Stopping Lethal Removal, Minimum Wage Increase, & Passing A Farm Bill
I'm Lacy Gray with Washington Ag Today.
Friends of Animals, an animal rights group, has sued to stop the U.S. Fish and Wildlife Service from lethally removing over 3 thousand barred owls in four study areas in Washington, Oregon, and Northern California. Barred owls have been aggressively invading spotted owl territories over the last fifty years. In their suit the FOA claim that lethal removal of barred owls violates the Migratory Bird Treaty Act.
The state Department of Labor and Industries has announced that the minimum wage will increase to $9.32 an hour on January 1, 2014. Calculations to the state's minimum wage is done every year by L&I as required by Initiative 688. The 13 cent increase reflects a 1.455 percent increase in the Consumer Price Index for Urban Wage Earners and Clerical workers over the last year. The state minimum wage applies to workers in both ag and non-ag jobs, although workers ages 14 and 15 may be paid 85% of the minimum wage.
Washington State Director of Agriculture, Bud Hover, comments on why getting a farm bill passed is paramount for Washington state.
HOVER: For our state it's important because there are certain funding through the MAP program for the Specialty Crop Block Grants and some different things that provide funding for a lot of the different crops that we grow.

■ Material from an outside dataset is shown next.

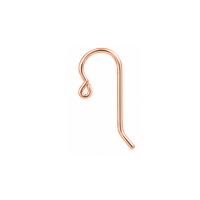 TierraCast Rose Gold Filled French Hook ear wire with Small Loop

Obviously, we have a strong presence in the wheat market and what not too, and obviously those commodities tend to be wrapped up in the farm bill, but people don't realize that all of the other - our specialty crops and stuff - that funding is key to keeping these markets and continuing to build market share in some of these export markets is really critical for us.
More than $15 billion in food and agricultural products were exported through Washington ports in 2011.
That's Washington Ag Today.
I'm Lacy Gray on the Ag Information Network.